Unified Representation for Non-compositional and Compositional Expressions
This work addresses the challenge of processing potentially idiomatic expressions in natural language understanding, representing an incremental improvement over existing methods.
The paper tackled the problem of representing non-compositional language expressions by proposing PIER, a model based on BART, which achieved a 33% higher homogeneity score for embedding clustering and gains of 3.12% and 3.29% in accuracy for PIE sense classification and span detection compared to state-of-the-art models, while maintaining performance on NLU tasks.
Accurate processing of non-compositional language relies on generating good representations for such expressions. In this work, we study the representation of language non-compositionality by proposing a language model, PIER, that builds on BART and can create semantically meaningful and contextually appropriate representations for English potentially idiomatic expressions (PIEs). PIEs are characterized by their non-compositionality and contextual ambiguity in their literal and idiomatic interpretations.
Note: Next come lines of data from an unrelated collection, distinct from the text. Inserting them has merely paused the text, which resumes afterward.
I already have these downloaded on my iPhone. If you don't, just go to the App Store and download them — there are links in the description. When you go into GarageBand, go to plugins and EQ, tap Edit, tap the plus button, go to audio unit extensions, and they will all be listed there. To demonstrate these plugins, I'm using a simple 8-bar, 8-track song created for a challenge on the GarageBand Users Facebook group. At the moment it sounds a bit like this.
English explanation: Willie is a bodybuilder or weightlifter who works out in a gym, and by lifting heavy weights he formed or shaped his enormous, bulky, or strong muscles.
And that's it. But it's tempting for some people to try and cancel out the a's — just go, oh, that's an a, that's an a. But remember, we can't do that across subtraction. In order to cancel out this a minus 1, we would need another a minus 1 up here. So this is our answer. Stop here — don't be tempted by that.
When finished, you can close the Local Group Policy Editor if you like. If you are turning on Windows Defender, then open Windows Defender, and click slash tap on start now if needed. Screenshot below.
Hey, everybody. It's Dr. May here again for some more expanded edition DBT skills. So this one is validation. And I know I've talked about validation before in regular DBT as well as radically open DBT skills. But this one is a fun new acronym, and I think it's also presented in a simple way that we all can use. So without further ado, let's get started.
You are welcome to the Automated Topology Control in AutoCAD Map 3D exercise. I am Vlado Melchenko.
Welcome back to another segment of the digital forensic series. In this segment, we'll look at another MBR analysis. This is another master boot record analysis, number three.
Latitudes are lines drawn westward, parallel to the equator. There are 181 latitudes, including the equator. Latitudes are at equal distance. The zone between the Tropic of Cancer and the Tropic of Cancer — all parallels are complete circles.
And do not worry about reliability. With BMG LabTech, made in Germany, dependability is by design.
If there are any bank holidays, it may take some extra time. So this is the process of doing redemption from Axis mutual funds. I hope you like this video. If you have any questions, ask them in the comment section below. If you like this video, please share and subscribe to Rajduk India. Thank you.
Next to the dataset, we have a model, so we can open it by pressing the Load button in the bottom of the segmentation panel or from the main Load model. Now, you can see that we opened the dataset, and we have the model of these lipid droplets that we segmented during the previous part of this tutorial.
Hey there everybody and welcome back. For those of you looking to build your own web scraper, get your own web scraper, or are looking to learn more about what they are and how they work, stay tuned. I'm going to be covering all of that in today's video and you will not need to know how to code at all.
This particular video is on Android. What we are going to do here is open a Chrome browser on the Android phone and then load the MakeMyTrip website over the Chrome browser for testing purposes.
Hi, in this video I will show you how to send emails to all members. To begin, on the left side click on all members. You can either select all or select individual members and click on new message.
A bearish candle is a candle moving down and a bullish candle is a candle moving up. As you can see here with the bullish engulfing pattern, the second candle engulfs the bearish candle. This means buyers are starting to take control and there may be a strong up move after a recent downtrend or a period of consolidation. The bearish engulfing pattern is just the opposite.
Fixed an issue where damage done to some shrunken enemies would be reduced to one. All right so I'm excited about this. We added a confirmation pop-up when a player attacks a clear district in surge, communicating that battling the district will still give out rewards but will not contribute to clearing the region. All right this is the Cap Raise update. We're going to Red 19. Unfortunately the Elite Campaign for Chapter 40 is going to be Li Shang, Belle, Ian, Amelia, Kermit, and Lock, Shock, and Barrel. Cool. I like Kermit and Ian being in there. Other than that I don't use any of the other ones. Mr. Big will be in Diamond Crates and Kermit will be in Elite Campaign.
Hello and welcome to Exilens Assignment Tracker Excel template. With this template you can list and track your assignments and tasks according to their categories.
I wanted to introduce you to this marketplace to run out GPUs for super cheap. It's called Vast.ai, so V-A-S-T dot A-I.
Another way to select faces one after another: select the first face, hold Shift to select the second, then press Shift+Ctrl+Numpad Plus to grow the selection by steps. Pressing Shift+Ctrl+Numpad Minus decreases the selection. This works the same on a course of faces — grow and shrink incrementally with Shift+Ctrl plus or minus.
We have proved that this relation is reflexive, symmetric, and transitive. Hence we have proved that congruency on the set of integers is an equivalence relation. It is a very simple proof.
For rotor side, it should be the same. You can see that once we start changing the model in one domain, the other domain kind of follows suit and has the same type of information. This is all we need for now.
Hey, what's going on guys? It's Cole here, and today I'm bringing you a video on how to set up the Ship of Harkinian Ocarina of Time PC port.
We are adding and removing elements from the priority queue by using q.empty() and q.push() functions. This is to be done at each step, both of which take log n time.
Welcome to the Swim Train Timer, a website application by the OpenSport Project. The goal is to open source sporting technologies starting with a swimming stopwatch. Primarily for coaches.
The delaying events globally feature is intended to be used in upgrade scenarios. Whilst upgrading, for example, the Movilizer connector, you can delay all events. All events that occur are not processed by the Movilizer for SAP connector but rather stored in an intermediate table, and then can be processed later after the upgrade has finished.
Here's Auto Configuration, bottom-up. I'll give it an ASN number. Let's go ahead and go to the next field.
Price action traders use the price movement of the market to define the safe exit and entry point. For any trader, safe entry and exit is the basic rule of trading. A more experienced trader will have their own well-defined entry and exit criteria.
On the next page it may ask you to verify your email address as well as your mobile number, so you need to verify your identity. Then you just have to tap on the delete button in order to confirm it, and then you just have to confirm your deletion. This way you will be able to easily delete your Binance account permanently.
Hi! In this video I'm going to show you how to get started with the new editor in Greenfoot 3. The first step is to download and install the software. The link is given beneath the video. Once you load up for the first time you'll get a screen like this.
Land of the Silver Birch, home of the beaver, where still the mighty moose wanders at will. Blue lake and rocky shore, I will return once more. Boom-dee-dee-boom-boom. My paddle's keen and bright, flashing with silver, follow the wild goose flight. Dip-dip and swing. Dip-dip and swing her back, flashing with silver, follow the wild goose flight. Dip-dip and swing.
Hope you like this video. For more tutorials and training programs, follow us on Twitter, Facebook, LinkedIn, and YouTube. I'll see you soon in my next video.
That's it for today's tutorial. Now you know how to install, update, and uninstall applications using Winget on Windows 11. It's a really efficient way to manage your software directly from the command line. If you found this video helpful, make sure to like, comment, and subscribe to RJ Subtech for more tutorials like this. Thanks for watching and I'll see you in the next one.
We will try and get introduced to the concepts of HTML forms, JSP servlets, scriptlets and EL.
Via intrinsic evaluation on embedding quality and extrinsic evaluation on PIE processing and NLU tasks, we show that representations generated by PIER result in 33% higher homogeneity score for embedding clustering than BART, whereas 3.12% and 3.29% gains in accuracy and sequence accuracy for PIE sense classification and span detection compared to the state-of-the-art IE representation model, GIEA. These gains are achieved without sacrificing PIER's performance on NLU tasks (+/- 1% accuracy) compared to BART.